2. Description of Related Art
A mask pattern deposited on a membrane is described in U.S. Pat. No. 3,742,230, and a mask pattern defined through a mask pattern generated in the membrane is described in European Patent No. 0 019 779 and corresponding U.S. Pat. No. 4,417,946 of Bohlen et al entitled "Method of Making Mask for Structuring Surface Areas". The methods for making such masks are described in the above-cited patents.
In the above European Patent the membrane carrying the mask is boron-doped. The effect of such boron doping is a high tensile stress in the thinned layer, with the consequence that the wafer is bent.
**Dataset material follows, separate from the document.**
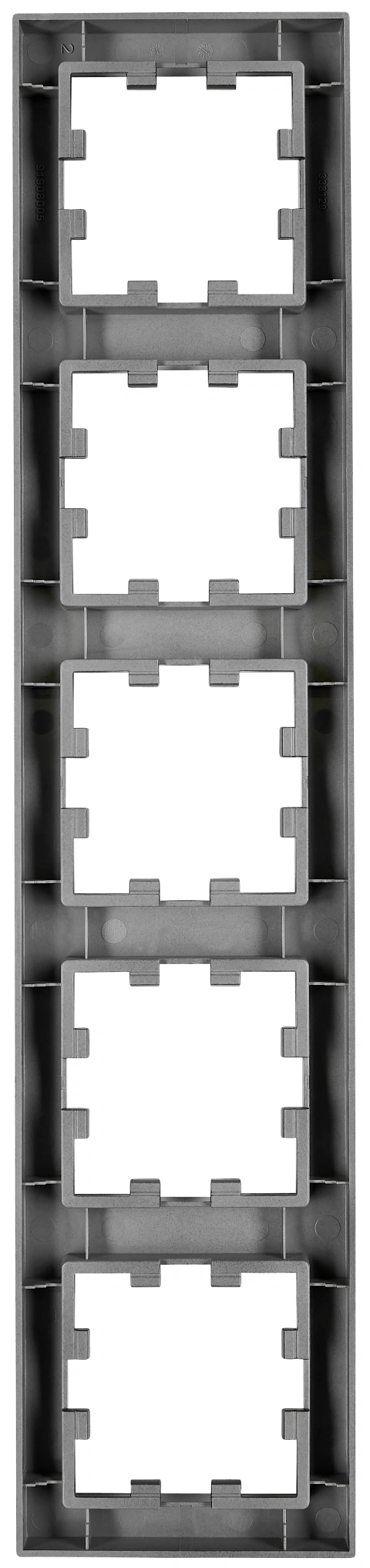 Five gang frame, Design CUBIC, black_1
In such cases where microminiaturized patterns of very high packing density are to be transferred with the mask, such bending cannot be tolerated. In the article "Shadow Projection Mask for X-Ray, Ion and Electron Beam Lithography" by J. Greschner et al., published in IBM Technical Disclosure Bulletin, Volume 26, No. 7A, December 1983, Page 3263, a solution for this problem is discussed which consists in that the 2-3 .mu.m thick boron doping is produced only in those regions of the semiconductor wafer which are subsequently thinned or where the mask pattern will be produced, respectively. Irrespective of whether the doped layer is a blanket coating over the one surface of the semiconductor wafer, or only over regions thereof, the thinned regions are tensioned owing to the tensile stress caused by the boron; and if noticeable warping of the semiconductor wafer is excluded, they are planar. Buckling of the membrane occurs only under the influence of a sufficiently high doping-dependent temperature. During the "Symposium on the Eighth International Conference on Electron and on Ion Beam Science and Technology" (1978) H. Bohlen et al lectured on the fact that upon a surface concentration of the boron of 10.sup.19 atoms/cm.sup.-3, the thin layer buckles at approximately 120.degree. C.
P. Nehmiz et al. "Electron Beam Proximity Printing: Complementary-Mask and Level-to-Level Overlay with High Accuracy" J. Vac. Sci. Technol. B, Vol. 3 (1) January/February 1985 (136-139) also published as the Proceedings of the 1984 International Symposium on Electron, Ion and Photon Beams, Tarrytown, N.Y., USA (1984), reported on mask distortion connected with the method used for making the masks. According to this method, the mask pattern is generated in or on the doped layer prior to thinning. As in this stage of the production, the doped layer is connected to the remaining substrate over its entire width, which prevents effects of the tensile stress, the transferred pattern is a true image of the desired pattern. If there is subsequent selective thinning, the tensile stress in the membrane which is now fixed only at its periphery causes a distortion of the pattern in a mask plate. This so-called "cold distortion" equals zero in the center and in the periphery of the membrane, and it is at a maximum in a zone being closer to the center than to the periphery. The "cold distortion" can be compensated by a corresponding doping with a material generating pressure tension in the silicon. The quantity of doping material required for compensating the "cold distortion" depends on the temperature. To give an example: If at a temperature of 40.degree. C. the membrane is to be tension-free and thus undistorted, the quantity required is lower than if the membrane is to be tension-free at 20.degree. C. An undistorted and planar pattern however is achieved only if this predetermined temperature can be maintained over the entire membrane. However, if the masks are to be used in accordance with their purpose, i.e. in the irradiation with ion, electron and X-rays, it is not possible to achieve a uniform temperature over the thinned layer. In fact, the membrane will always be hotter in its center than in its periphery. The uncompensatable distortion increases with the temperature difference between the periphery and the center.
In electron beam exposure it is known to keep the maximum beam current at such a low level (1.gtoreq.10 microamperes), that the temperature increases T are not higher than approximately 10.degree. C.; and in X-ray lithography, mask heating during exposure is prevented by a helium atmosphere in the environment which ensures exhausting of the heat generated in the mask. This helium atmosphere has some disadvantages. On the one hand, owing to the absorption of X-rays it limits the spectrum available for lithography. On the other hand, it involves considerable (safety) technical efforts since by means of several pressure stages the helium pressure has to be successively adapted to the high vacuum at the site of the X-ray source. During operation, extremely high-speed valves must assure that should a window burst there will be no gas breaking-in at the site of the source.